Taha Kılınç ve Mesut Kaya yeni dönemde bizimle olamayacaklar. Kendilerine bugüne kadar yapmış oldukları katkılardan ötürü teşekkür ediyoruz. Âdem Ergül ağabeyimiz ise bir süredir ara verdiği yazılarına Kur’an Kültürü köşesi ile yeniden başlıyor.

Yeni dönemde abone olanlara verdiğimiz hediye kitabımızı çok beğeneceğinizi ümit ediyoruz. “Hakka Adanmış Gençlik” sadece bizim için değil GENÇ kalmak isteyen herkes için önemli bir kitap. Bugüne kadar GENÇ olarak hedeflediğimiz kıvamın ve ufkun derlenip toparlandığı bu kitaptan çok istifade edeceğinizi ümit ediyoruz.

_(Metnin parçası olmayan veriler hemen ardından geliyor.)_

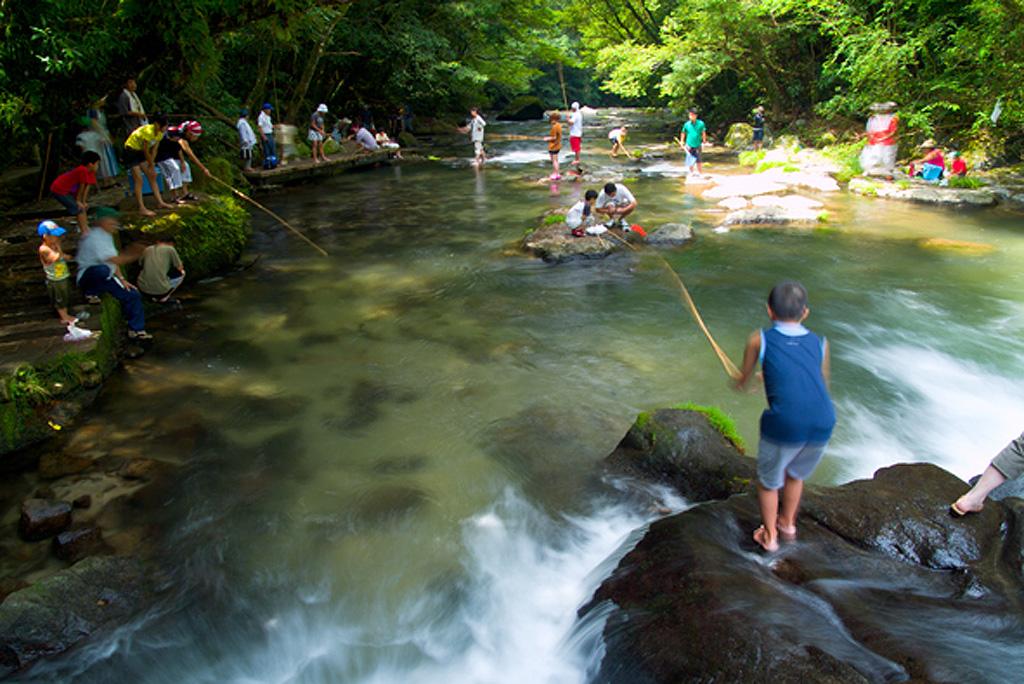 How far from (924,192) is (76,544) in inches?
705

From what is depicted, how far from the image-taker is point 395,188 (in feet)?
65.6

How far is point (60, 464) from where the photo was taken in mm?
5922

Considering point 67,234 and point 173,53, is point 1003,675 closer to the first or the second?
point 67,234

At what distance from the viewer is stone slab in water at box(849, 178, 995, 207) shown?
1512 cm

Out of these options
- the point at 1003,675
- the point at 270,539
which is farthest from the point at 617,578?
the point at 270,539

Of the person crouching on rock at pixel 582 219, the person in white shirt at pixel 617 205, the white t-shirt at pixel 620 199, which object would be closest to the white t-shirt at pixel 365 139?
the person in white shirt at pixel 617 205

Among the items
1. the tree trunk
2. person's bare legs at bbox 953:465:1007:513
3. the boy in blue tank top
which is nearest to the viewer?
the boy in blue tank top

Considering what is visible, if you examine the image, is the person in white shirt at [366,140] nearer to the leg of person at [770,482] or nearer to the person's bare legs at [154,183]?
the person's bare legs at [154,183]

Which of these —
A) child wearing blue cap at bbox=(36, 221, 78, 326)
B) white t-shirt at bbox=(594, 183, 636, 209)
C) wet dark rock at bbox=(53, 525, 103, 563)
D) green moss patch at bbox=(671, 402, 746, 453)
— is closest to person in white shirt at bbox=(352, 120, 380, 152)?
white t-shirt at bbox=(594, 183, 636, 209)

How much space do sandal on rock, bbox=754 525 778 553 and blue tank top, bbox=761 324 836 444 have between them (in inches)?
23.5

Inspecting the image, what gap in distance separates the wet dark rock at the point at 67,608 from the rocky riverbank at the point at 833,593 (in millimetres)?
3214

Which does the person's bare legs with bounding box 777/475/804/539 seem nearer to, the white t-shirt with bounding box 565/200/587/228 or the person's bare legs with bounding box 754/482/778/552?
the person's bare legs with bounding box 754/482/778/552

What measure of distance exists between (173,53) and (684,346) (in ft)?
32.1

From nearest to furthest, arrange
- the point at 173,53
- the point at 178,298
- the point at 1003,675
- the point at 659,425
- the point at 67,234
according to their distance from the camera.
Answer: the point at 1003,675 → the point at 659,425 → the point at 67,234 → the point at 178,298 → the point at 173,53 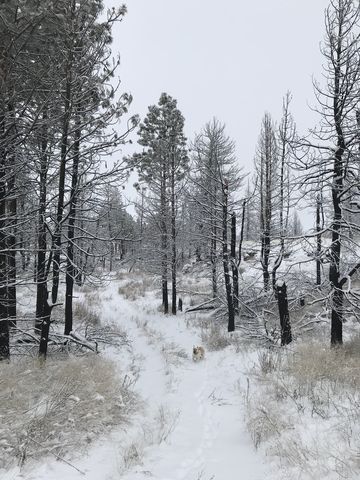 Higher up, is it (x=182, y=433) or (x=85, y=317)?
(x=85, y=317)

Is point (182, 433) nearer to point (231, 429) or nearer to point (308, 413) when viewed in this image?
point (231, 429)

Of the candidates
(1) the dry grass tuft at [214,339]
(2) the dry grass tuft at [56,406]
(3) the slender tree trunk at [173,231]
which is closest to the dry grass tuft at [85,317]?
(1) the dry grass tuft at [214,339]

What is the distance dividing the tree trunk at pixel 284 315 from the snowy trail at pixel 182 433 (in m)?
1.66

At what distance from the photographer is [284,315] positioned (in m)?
10.7

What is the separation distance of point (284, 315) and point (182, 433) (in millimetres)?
6069

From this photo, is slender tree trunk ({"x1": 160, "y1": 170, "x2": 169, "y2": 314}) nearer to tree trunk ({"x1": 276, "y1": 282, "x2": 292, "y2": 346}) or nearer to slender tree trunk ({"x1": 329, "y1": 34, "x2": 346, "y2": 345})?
tree trunk ({"x1": 276, "y1": 282, "x2": 292, "y2": 346})

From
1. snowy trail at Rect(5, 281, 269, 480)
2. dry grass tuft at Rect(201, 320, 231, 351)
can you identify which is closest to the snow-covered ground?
snowy trail at Rect(5, 281, 269, 480)

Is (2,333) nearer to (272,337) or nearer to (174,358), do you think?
(174,358)

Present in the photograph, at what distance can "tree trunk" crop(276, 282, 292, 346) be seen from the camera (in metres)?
10.5

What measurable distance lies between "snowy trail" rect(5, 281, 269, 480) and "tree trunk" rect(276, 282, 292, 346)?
1660 mm

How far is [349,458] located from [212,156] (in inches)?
731

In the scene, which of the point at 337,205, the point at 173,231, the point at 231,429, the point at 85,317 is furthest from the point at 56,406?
the point at 173,231

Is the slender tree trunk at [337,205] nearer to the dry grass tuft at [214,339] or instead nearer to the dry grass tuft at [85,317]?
the dry grass tuft at [214,339]

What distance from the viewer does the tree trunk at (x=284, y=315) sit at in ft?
34.5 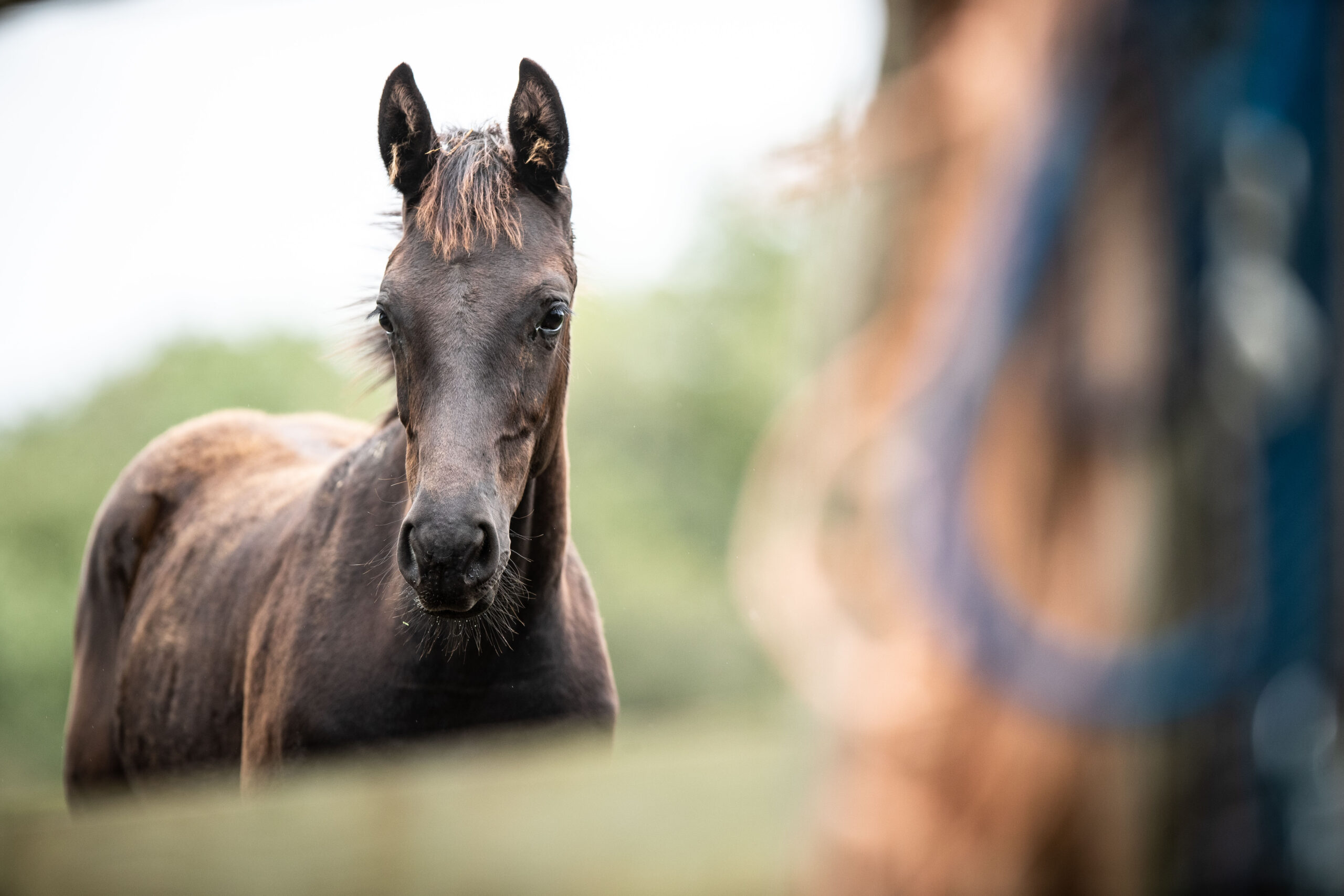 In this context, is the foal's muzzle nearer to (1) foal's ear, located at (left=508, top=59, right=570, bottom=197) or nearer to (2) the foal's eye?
(2) the foal's eye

Yeni dönem yeni seferler ve dostlar demek. Bu biraz da GENÇ ailesinin gayretine, hepimizin çabasına bağlı. Dergimiz derdimiz, derdimiz dergimizdir. Bir kişinin daha dertlenmesine vesile olabilirsek ne mutlu…

Gelecek sayıda buluşmak ümidiyle Allah’a emanet olunuz.


Mehmet Lütfi Arslan'ın Yazısı.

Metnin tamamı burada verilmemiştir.